Taking it a step further, in my 1993 book The Evolving Mind I identified a structure called the "dual network", which consists of superposed hierarchical and heterarchical networks: basically a hierarchy in which the distance between two nodes in the hierarchy is correlated with the distance between the nodes in some metric space.

Another high level property of the everyday world may be that dual network structures are prevalent. This would imply that minds biased to represent the world in terms of dual network structure are likely to be intelligent with respect to the everyday world.

The extreme commonality of symmetry groups in the (everyday and otherwise) physical world is another example: they occur so often that minds oriented toward recognizing patterns involving symmetry groups are likely to be intelligent with respect to the real world.
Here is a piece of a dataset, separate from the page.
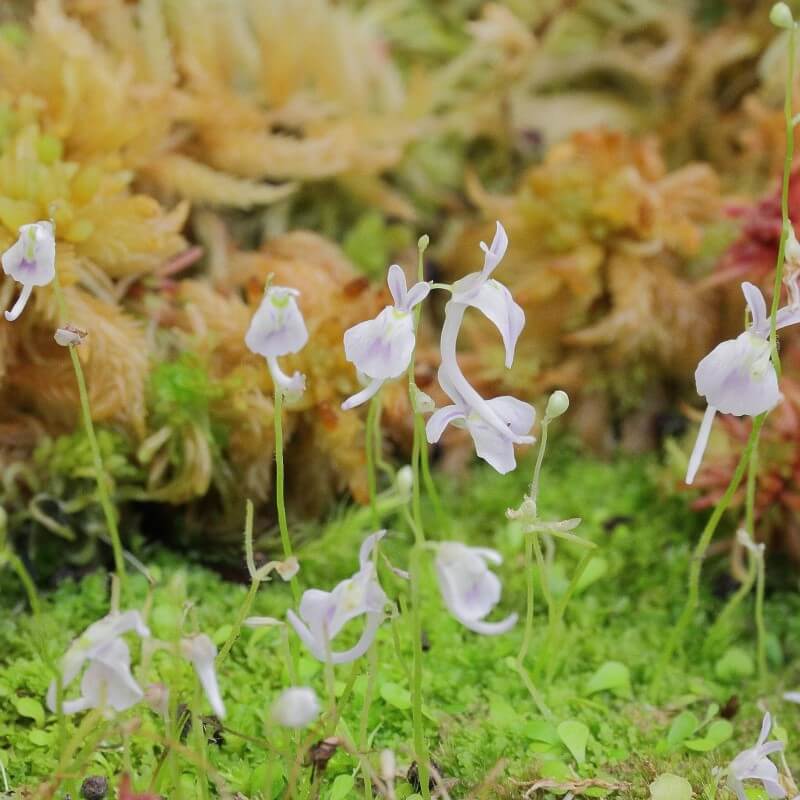 Utricularia sandersonii producing multiple flowering scapes, each with several white rabbit-ear flowers, demonstrating its abundant floral display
I suggest that the number of properties of the everyday world of this nature is huge ... and that the essence of everyday-world intelligence lies in the list of these abstract properties, which must be embedded implicitly or explicitly in the structure of a natural or artificial intelligence for that system to have everyday-world intelligence.

Apart from these particular yet abstract properties of the everyday world, intelligence is just about "finding patterns in which actions tend to achieve which goals in which situations" ... but, this simple meta-algorithm is well less than 1% of what it takes to make a mind.

You might say that a sufficiently generally intelligent system should be able to infer these general properties from looking at data about the everyday world. Sure. But I suggest that would require a massively greater amount of processing power than an AGI that embodies and hence automatically utilizes these principles? It may be that the problem of inferring these properties is so hard as to require a wildly infeasible AIXItl / Godel Machine type system.

Important Open Questions

A couple important questions raised by the above:
  1. What is a reasonably complete inventory of the highly-intelligence-relevant subtle patterns/biases in the everyday world?
  2. How different are the intelligence-relevant subtle patterns in the everyday world, versus the broader physical world (the quantum microworld, for example)?
  3. How accurate a simulation of the everyday world do we need to have, to embody most of the subtle patterns that lie at the core of to everyday-world intelligence?
  4. Can we create practical progressions of simulations of the everyday world, such that the first (and more crude) simulations are very useful to early attempts at teaching proto-AGIs, and the development of progressively more sophisticated simulations roughly tracks the development of progress in AGI design and development.
The second question relates to an issue I raised in a section of The Hidden Pattern, regarding the possibility of quantum minds -- minds whose internal structures and biases are adapted to the quantum microworld rather than to the everyday human physical world. My suspicion is that such minds will be quite different in nature, to the point that they will have fundamentally different mind-architectures -- but there will also likely be some important and fascinating points of overlap.

The third and fourth questions are ones I plan to explore in an upcoming paper, an expansion of the AGI-09 conference paper I wrote on AGI Preschool. An AGI Preschool as I define it there is a virtual world defining a preschool environment, with a variety of activities for young AI's to partake in. The main open question in AGI Preschool design at present is: How much detail does the virtual world need to have, to support early childhood learning in a sufficiently robust way? In other words, how much detail is needed so that the AGI Preschool will posssess the subtle structures and biases corresponding to everyday-world AGI? My AGI-09 conference paper didn't really dig into this question due to length limitations, but I plan to address this in a follow-up, expanded version.